Well, you can’t have failed to notice the entire change-around on here since about 6PM tonight. For the past few months, I’ve been trying to switch my blog over from “Blogger”, the Google-ran web logging service, which has been my home for almost 6 years. Due to a lack of features which I really would have liked, I took the decision to move my blog from there, to Wordpress, a database-driven piece of blog software, which I can host locally on Mercuryvapour. And it’s free. OK, Blogger is free too, but that’s not my problem.
This blog is made up of almost 600 posts. Let’s just round it up to 600, for easy’s sake. That means that previously there were 600 different HTML files, all approximately 20K in length. 600×20k = lots of disk space. With the fact that this is database driven there are only one set of pages, at probably something like 50k (haven’t checked), and when someone requests a page, it gets pulled from the database, and the text gets added to these one set of pages.

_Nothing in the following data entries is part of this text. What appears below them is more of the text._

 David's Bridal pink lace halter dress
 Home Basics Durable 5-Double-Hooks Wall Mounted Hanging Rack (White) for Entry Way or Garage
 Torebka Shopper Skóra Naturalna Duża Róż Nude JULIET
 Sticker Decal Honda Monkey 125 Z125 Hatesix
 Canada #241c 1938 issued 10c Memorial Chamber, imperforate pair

I can also edit blog entries instantly, either editing them through Wordpress, or editing the database manually. And, changing the template is a simple case of uploading one, changing what I need, then accepting it. the whole site then automatically takes on that template.

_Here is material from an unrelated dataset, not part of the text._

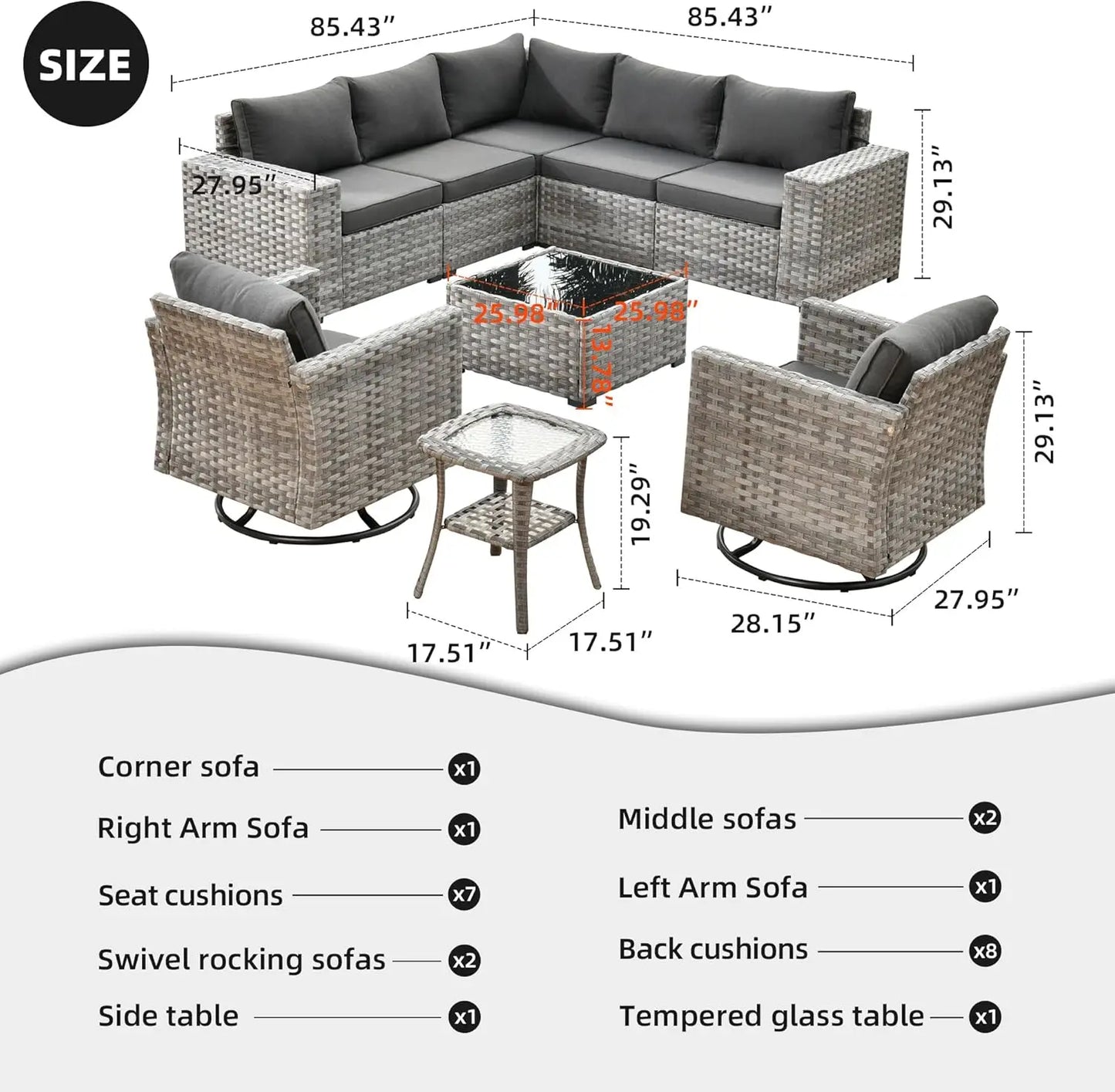 Patio Furniture Sets Outdoor Sectional Sofa with Swivel Rocking Chairs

The next few weeks are going to be a total experiment, as although I might look like I know what I’m doing, I really, very probably , don’t.

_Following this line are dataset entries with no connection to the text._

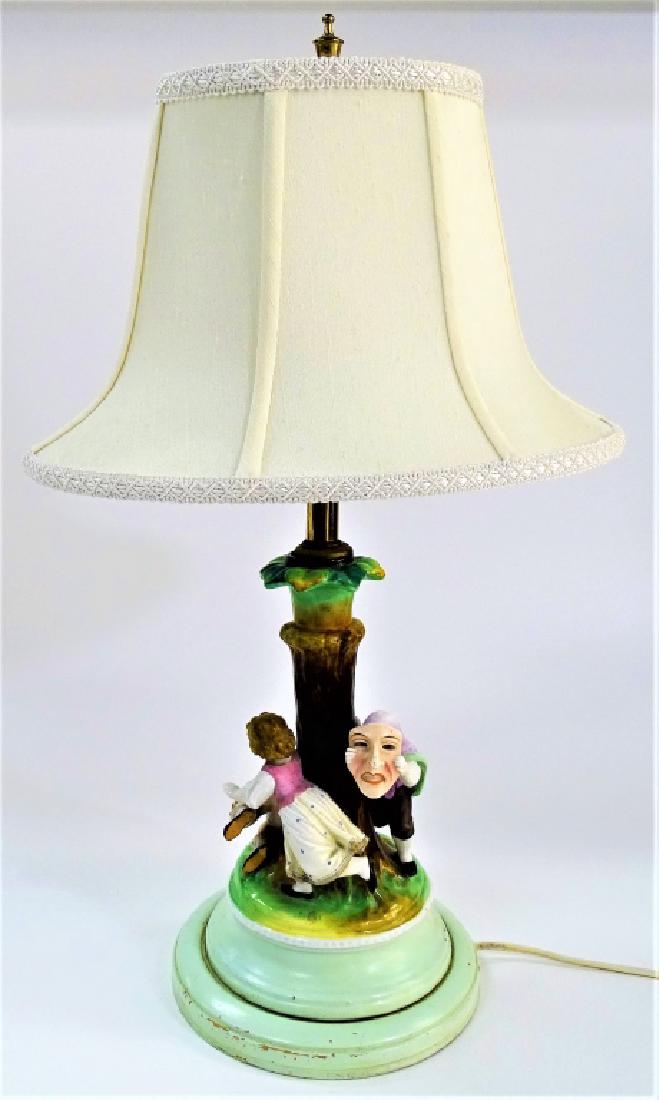 ANTIQUE FRENCH PORCELAIN LAMP (1 of 2)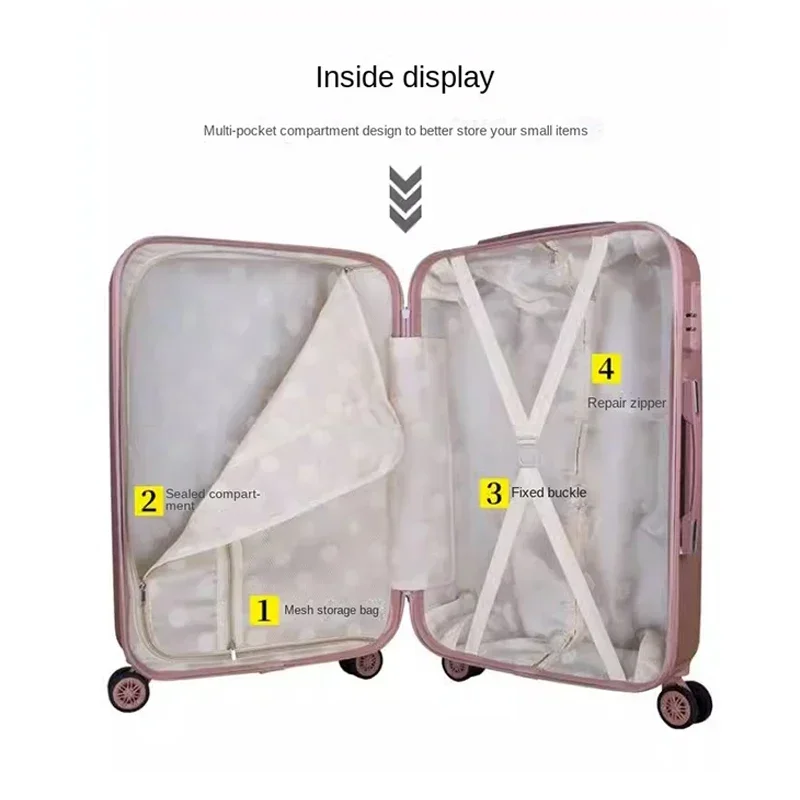 New Fashion Suitcase Fashion Lightweight Suitcase Sets Women PC Boarding Luggage Zipper Trolley Case with Small Makeup Case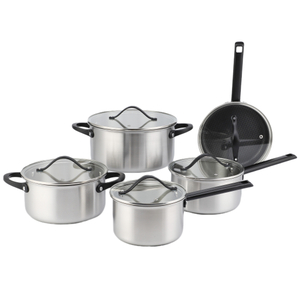 Wholesale 10 Pieces Tri-ply Stainless Steel Kitchen Cooking Pan Pot Set Non Stick Triply Cookware Sets With Custom Black Handle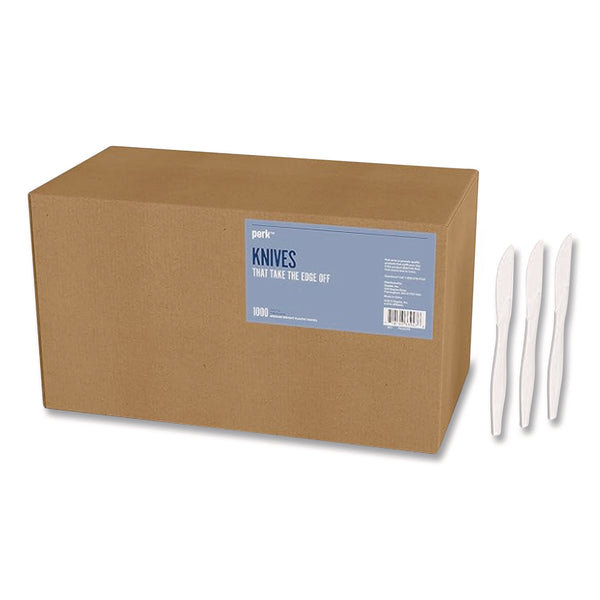 Perk Mediumweight Plastic Cutlery, Knife, White, 1,000/Pack (PRK24390988) Pack of 1000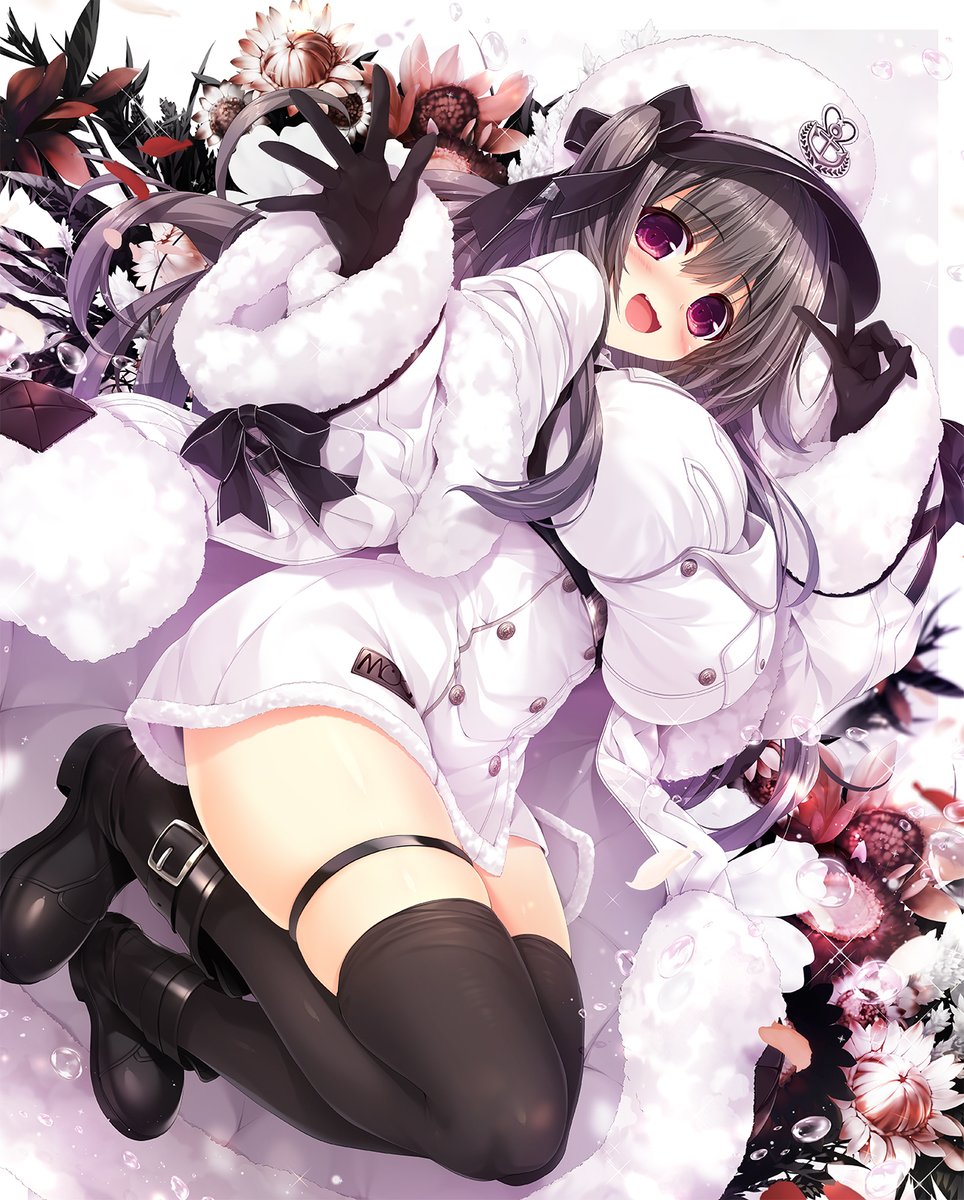 1girl ankle_boots azur_lane black_gloves black_legwear blush boots breasts coat eyebrows_visible_through_hair flower full_body fur-trimmed_coat fur-trimmed_sleeves fur_trim glint gloves grey_hair hair_ribbon hat highres large_breasts long_hair looking_at_viewer one_side_up open_mouth oshiki_hitoshi padded_coat pamiat_merkuria_(azur_lane) ribbon russian_clothes skindentation solo thigh-highs thigh_strap v violet_eyes water_drop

Now, all good things have an upside, and, inevitably, a downside. The downside with switching software is that all of the old posts instantly become obselete, so all links that have been put into search engines, etc. no longer work. I’ll need to wait until the next webcrawl from Google before this switchover starts taking effect.
I’ll also need to reset all of my links. Most of them were dead, or no longer updated anyway, so that’s not a problem.
The “Blogroll” is an idea I like. Though, I’m not sure whether the writers purposely parodied “Bog Roll” or not…
EDIT: I’m going to update this post with things I love about Wordpress. Because I’m finding something new every time I use it. While pissing about with comments, I accidentally deleted that last post you see above you, about the streetlight, etc. But, no matter. Because, thanks to the one-click backup I’d made (which emails directly to my Gmail account) seconds after I finished the posting, I was able to log on to gmail, download the backed up database (which is already compressed for me), and search for the post. Each post is simply an SQL query (INSERT INTO, etc) and is only on one line. So, I copied and pasted the full line into the query box in phpMyAdmin, and vroom! Instantly the post was back! Nobody would ever notice it was gone!
Also, editing the links on the side was a piece of piss. Those are also stored in the database, so it’s a 10-second job to edit those.
Previously, with blogger, if I changed anything on a page and wanted it to go site-wide, I’d need to publish each and every page.